BEIJING, Apr. 6 -- Chinese steel mills should focus more on diversifying their mining resources to thwart the monopoly of the three global miners on iron ore supplies as the boycott call sought by the steel association may not fetch dividends, industry experts said on Monday.
The China Iron and Steel Association (CISA) has asked domestic steel companies and traders with import licenses to stop buying iron ore for the next two months from Vale, BHP and Rio Tinto to protest the price monopoly, said Securities Times quoting CISA Secretary-General Shan Shanghua.
The association held a meeting with China Chamber of Commerce for Metals and Chemicals Imports and Exports on Friday to discuss the regulation of the iron ore import market.
The current iron ore inventories of around 75 million tons are more than enough for the mills to undertake normal output over the next two months, Shang said.
The steel association has also called for revoking the import licenses of trading companies that imported less than 1 million tons of iron ore last year.
But the clarion call has not found much favor and steel mills seemed to have a divided front on the issue.
"CISA sounds like a lobby representing Chinese steel mills. However, it does not run the business, and hence it has no idea of the real needs of the steel mills," said a sales manager from a Hebei-based steelmaker, on condition of anonymity.
"If we don't purchase iron ore for two months, it will have a negative impact on our output.

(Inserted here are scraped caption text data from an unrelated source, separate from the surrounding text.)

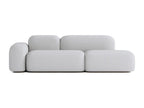 Modular Sofa - Light Gray Polyester Fabric, Engineered Wood, W 98.4 x D 42.1 x H 27.6 in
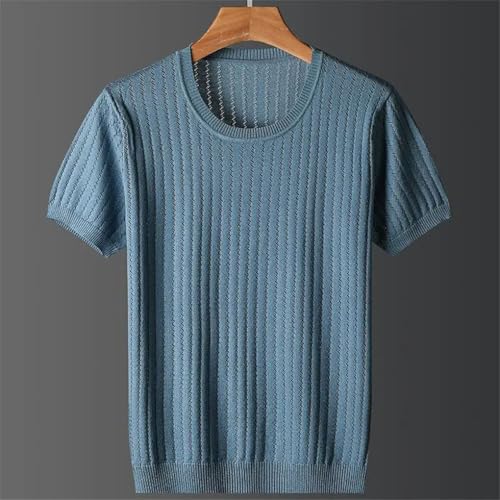 Men's Pullover Sweaters Casual Breathable Thin Short Sleeve Solid Color Knit Sweater2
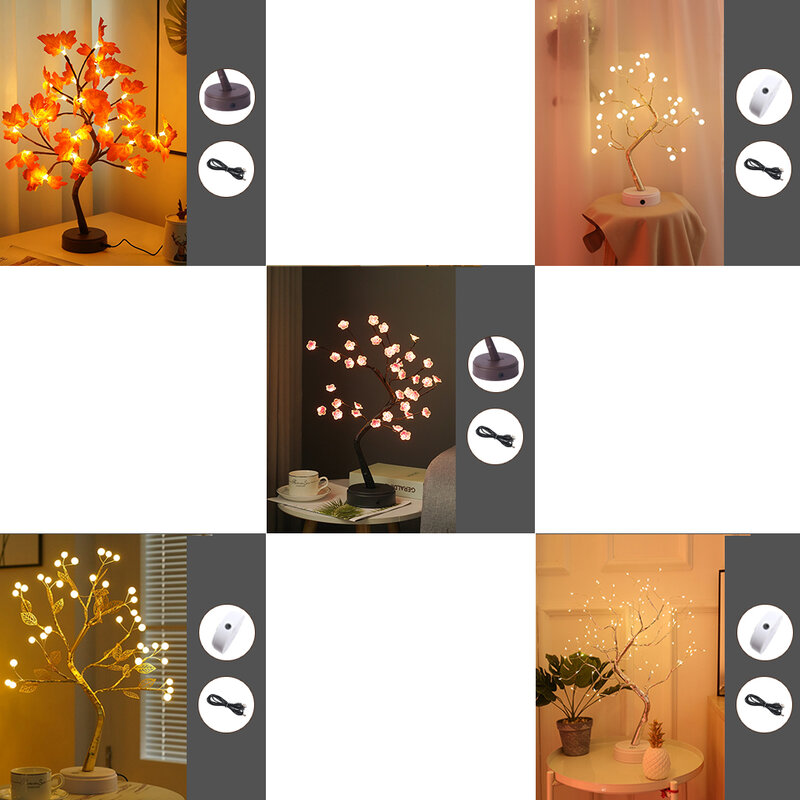 LED filo di rame luce notturna albero fata luci decorazione della casa lampada da notte USB a batteria per lampada da comodino camera da letto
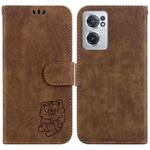 For OnePlus Nord CE 2 5G Little Tiger Embossed Leather Phone Case(Brown)
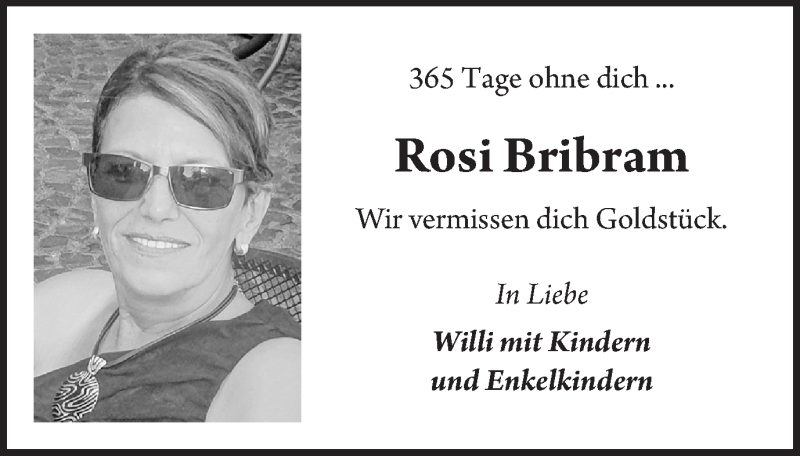  Traueranzeige für Rosi Bribram vom 20.01.2021 aus Medienhaus Bauer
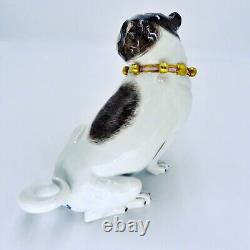 Dresden Pug Saxony Hand Painted Porcelain Dog Figurine Carl Thieme Model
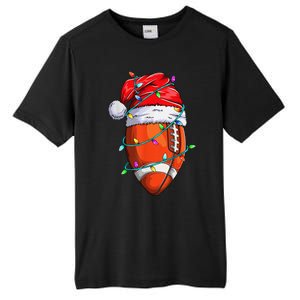 Santa Sports Design For Christmas Football Player Tall Fusion ChromaSoft Performance T-Shirt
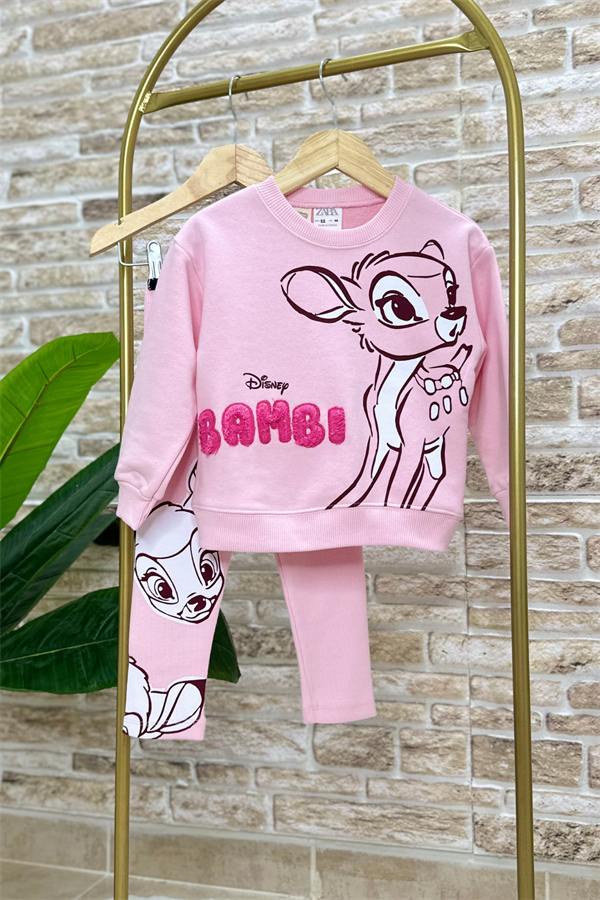 Kız Çocuk Bambi Baskı 3 iplik Taytlı Takım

We will talk with miners privately to secure ore supplies," he said.
Industry analysts said if domestic steel mills stop imports for two months, the surging resultant demand may jack up prices further.
CISA's statement came about after BHP and Vale said they had signed short-term deals with their customers and abandoned the annual benchmark pricing system for iron ore.
BHP said in a statement last week that it had signed agreements with Asian steel mills for short-term deals based on market pricing.
Vale SA, the world's largest iron ore producer, said it agreed with 97 percent of its global clients to opt for quarterly price adjustments for ore shipments.
Li Xinchuang, president of China Metallurgical Industry Planning & Research Institute, said that the country should enhance exploration of domestic iron ore mines and increase investments in overseas mining resources to have a bigger say in the pricing negotiations.
"On the other hand the situation can be quite different if China controls 50 percent of the global iron ore imports," he said.